I have decided to purchase a 300 win mag and am looking for opinions. The two rifles I like most are the Remington Sendero and the Kimber Sonora. I am looking for opinions on both guns. I know the Sendero has a great reputation but have not heard much about the Kimber. Any opinions would be appreciated. Thanks.

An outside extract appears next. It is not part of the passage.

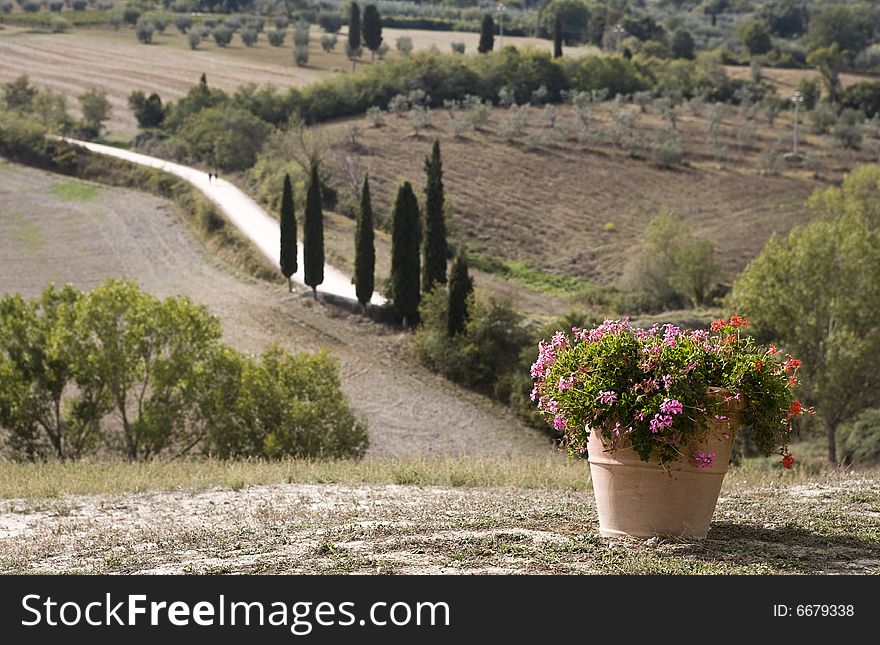 Cypress alley in a Tuscan landscape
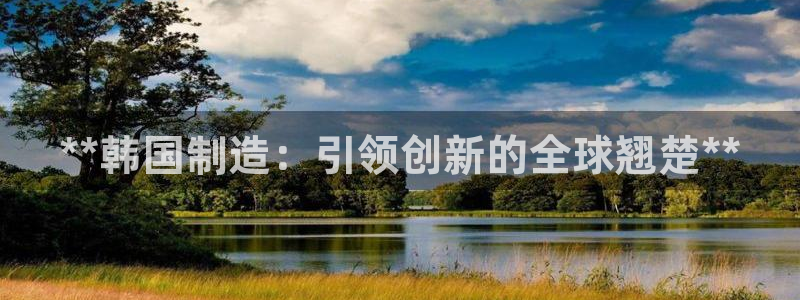 彩神8官网版是正规的吗：**韩国制造：引领创新的全球翘楚**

I also posted this in the Hunting forum.


----------



## muddyfuzzy (Jan 2, 2011)

i shoot a .25-06 in a sendero and love it. i have never been behind the sonora but it looks like a very well built rifle. the kimber takes many of it's attributes from the model 70' and the remington is a remington. both guns weigh about the same even though the sendero sports a 26" barrel vs. the sonora's 24". i shoot an older model that's "murdered-out" or black on black. i personally do not like stainless rifles and will never own another. the hs precision stock on the sendero is one of the best drop-ins around and features a full length aluminum bedding block. the stock on the sonora is similar to the reminton vls, which i also shoot in a .22-250. either way both are durable and tough as nails! i don't think you can go wrong with either and the cartirdge you have chosen is one of the best. this type of purchase depends more on the amount of money you want to spend and the appearance you pefer.

be sure to let us know what you get, and give a report.


----------



## Hbb6601 (Oct 12, 2010)

I've had both but prefer the sendero for the money. I haven't had one yet I couldn't get hand loads to shoot 1/2 MOA. Also its easy to install a jewell trigger on the sendero and they spoil you big time! I do like the Kimbers as well and have nothing bad to say about them.


----------



## Tafrica Outdoor Adventure (Apr 5, 2011)

I have a Sendero In 300 wby I did a trigger job on it with a muzzle brake and I am in Love with it.. I like it better then the christensen arms guns...


----------